Psychologies Magazine, mars 2002 —

Peur, tristesse, joie, colère, jalousie… les émotions expriment la richesse de notre personnalité et la couleur de notre sensibilité. En soi, elles ne sont ni bonnes ni mauvaises. Une peur peut nous sauver la vie, et une passion amoureuse, nous conduire à une cruelle désillusion. Pour participer harmonieusement à l’équilibre de notre vie, nos émotions exigent simplement d’être reconnues et ajustées au réel. Une colère refoulée ou une peur non identifiée créent beaucoup plus de dégâts que si ces émotions arrivaient clairement à la conscience. Il s’agit alors de les observer avec une certaine distance, d’en analyser la cause et de discerner si leur expression est proportionnée à cette cause.

Nous savons tous que ce travail de mise à distance et de lucidité sur nos propres émotions peut se faire par le biais de la psychothérapie. Ce que l’on sait moins, c’est que des techniques séculaires visent également à effectuer cette prise de conscience. Des écoles de sagesse grecques aux exercices spirituels de la mystique chrétienne, en passant par les méthodes mises au point par les maîtres du tao ou les confréries musulmanes soufies, toutes les traditions spirituelles prônent, avec des accents différents, un travail de reconnaissance et de transformation des émotions – parfois appelées “passions”.

L’idée centrale est de rester libre par rapport à elles, autrement dit d’éviter qu’elles nous submergent et déterminent nos actes. La méditation ou la prière créent l’espace intérieur qui nous permet de les identifier, de les nommer, de prendre du recul vis-à-vis d’elles. Si l’émotion reconnue est jugée négative, excessive, disproportionnée à la cause, il ne s’agit pas de la refouler, de la nier, et encore moins de la réprimer, comme certaines dérives religieuses moralistes l’ont, hélas, souvent prêché, mais, au contraire, de la transformer en émotion positive afin de retrouver la paix de l’âme, la sérénité.

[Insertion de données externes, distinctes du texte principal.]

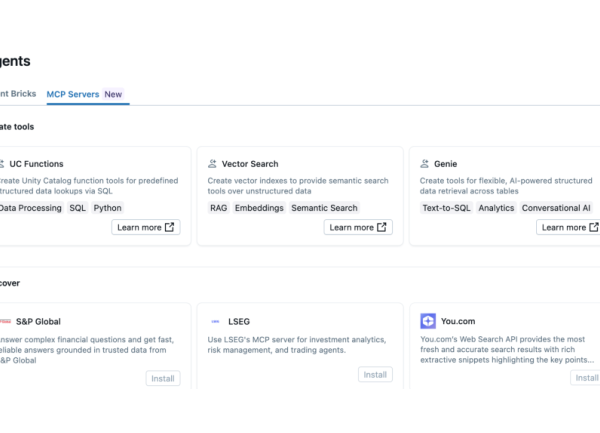 Gouvernance, évaluation, MCP : Databricks étoffe Agent Bricks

Les lamas tibétains, qui ont mis au point des techniques très précises de travail émotionnel, appellent cela « l’alchimie des émotions ». Toute émotion est une énergie puissante. Une fois cette énergie reconnue et transformée, si elle apparaît comme destructrice pour soi ou pour les autres, elle participe au progrès spirituel de l’être.

Je me souviens d’une femme d’une cinquantaine d’années qui avait été blessée par un homme et était en permanence envahie par des sentiments de colère et de haine à son égard. Elle s’inscrivit à un groupe de méditation tibétaine sous la direction d’un jeune lama français et travailla sur ce problème. Au bout de quelques séances, elle m’affirma avoir réussi non seulement à se libérer de ces émotions négatives et à retrouver la paix intérieure, mais également à pardonner à cet homme et à renouer une relation plus vraie avec lui. Le poison s’était transformé en élixir. Et celui-ci était d’autant plus puissant que le poison était violent.